··· EXERCISE MATERIAL

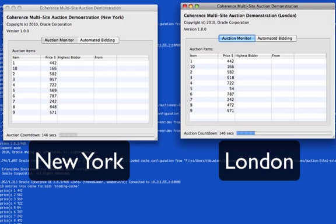We also have a controller called the Auctioneer that is responsible for starting an auction, placing elements into the cache, and timing the auction. This actually demonstrates both active-passive as well as active-active push replication.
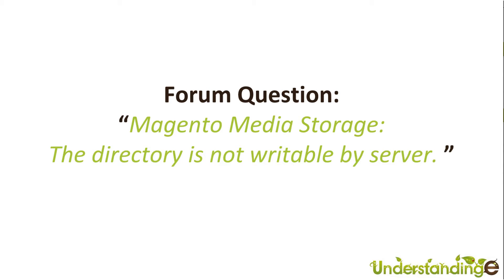In this quick tutorial, we're going to look at another question coming from the forums about Magento Media Storage and what happens when the directory is not writeable by the server.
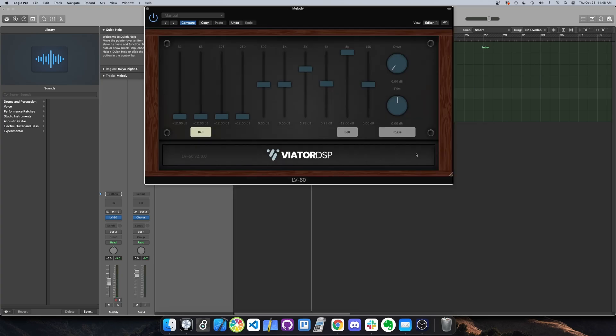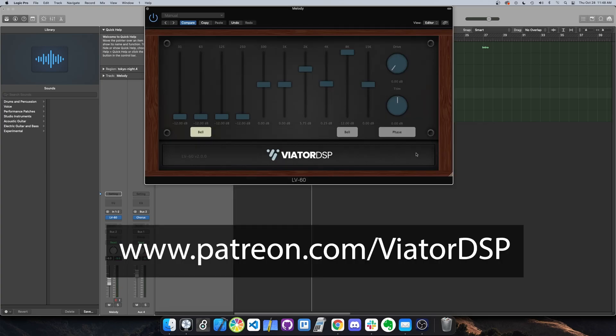So that's a quick demo of my LV60 Graphic EQ. You can download it for free from my Patreon. And if you become a member of my Patreon, you'll have access to cool audio programming tutorial videos with future content on the way. Thanks for watching.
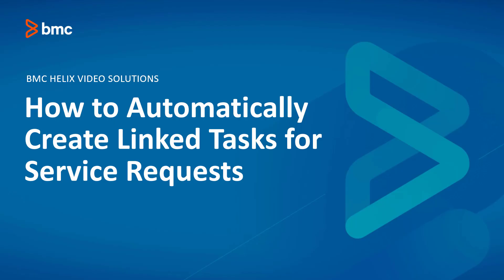Thank you for watching. How to automatically create linked tasks for service requests. And we'll see you next time.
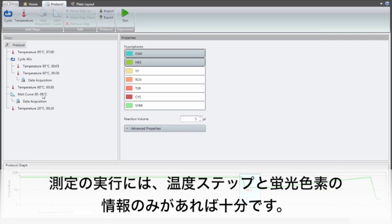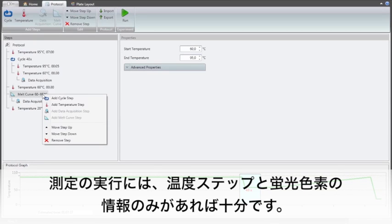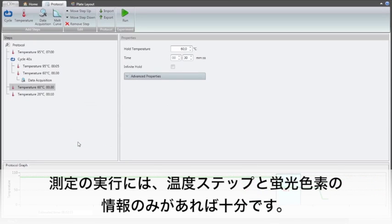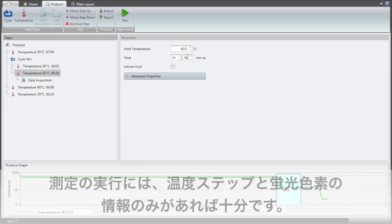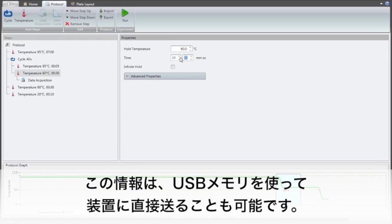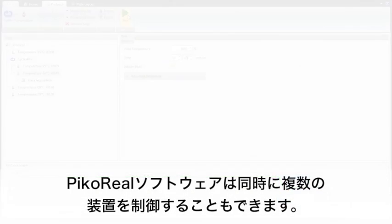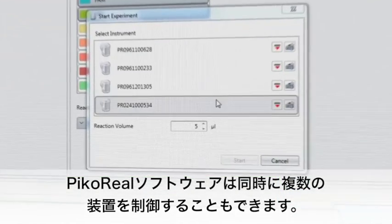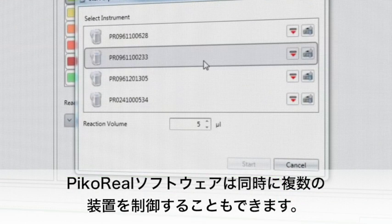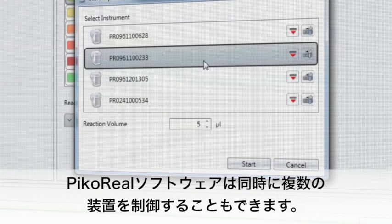Before starting a run, the instrument needs no more than information on the temperature steps and fluorophores to be measured. This information can also be given to the instrument using a USB stick. The PicoReal software can control and run several instruments at the same time.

······

TRY IT:
What is wanted is a word-for-word restatement of the entries, without their images.

SOLVED PROBLEM:
We also have a controller called the Auctioneer that is responsible for starting an auction, placing elements into the cache, and timing the auction. This actually demonstrates both active-passive as well as active-active push replication.
In this quick tutorial, we're going to look at another question coming from the forums about Magento Media Storage and what happens when the directory is not writeable by the server.
So that's a quick demo of my LV60 Graphic EQ. You can download it for free from my Patreon. And if you become a member of my Patreon, you'll have access to cool audio programming tutorial videos with future content on the way. Thanks for watching.
Thank you for watching. How to automatically create linked tasks for service requests. And we'll see you next time.
Before starting a run, the instrument needs no more than information on the temperature steps and fluorophores to be measured. This information can also be given to the instrument using a USB stick. The PicoReal software can control and run several instruments at the same time.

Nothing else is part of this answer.